━━━ Information provided

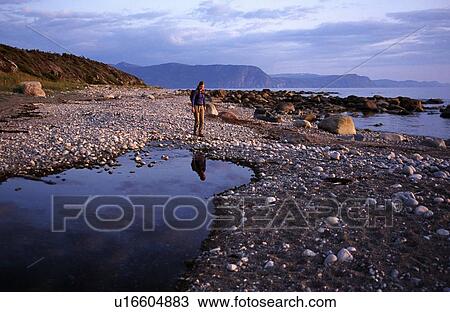 Stock Image - Hiker walking on beach with tide pools. Fotosearch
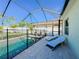 Enclosed pool with brick paver decking and lounge chairs perfect for enjoying sunny days at 4578 Cedar Brush Ter, Sarasota, FL 34243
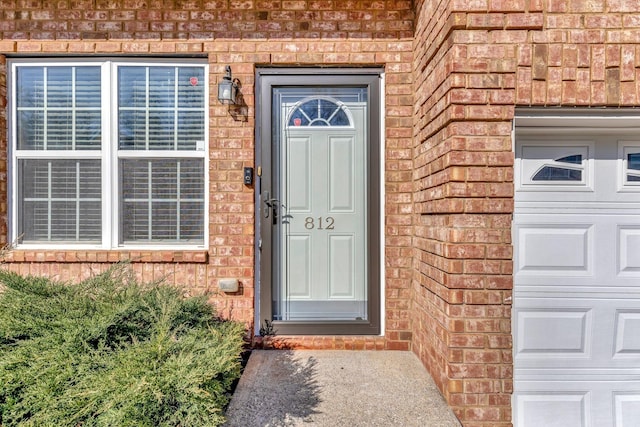 doorway to property with brick siding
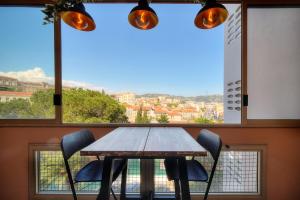 a table and chairs in front of a large window at IMMOGROOM - Renovated - Loggia - Clear view - Parking common - AC - Wifi in Cannes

━━━━━━

What is needed: Leave out the pictures and repeat the remaining data exactly.

Answer space:
 Stock Image - Hiker walking on beach with tide pools. Fotosearch
 Enclosed pool with brick paver decking and lounge chairs perfect for enjoying sunny days at 4578 Cedar Brush Ter, Sarasota, FL 34243
 doorway to property with brick siding
 a table and chairs in front of a large window at IMMOGROOM - Renovated - Loggia - Clear view - Parking common - AC - Wifi in Cannes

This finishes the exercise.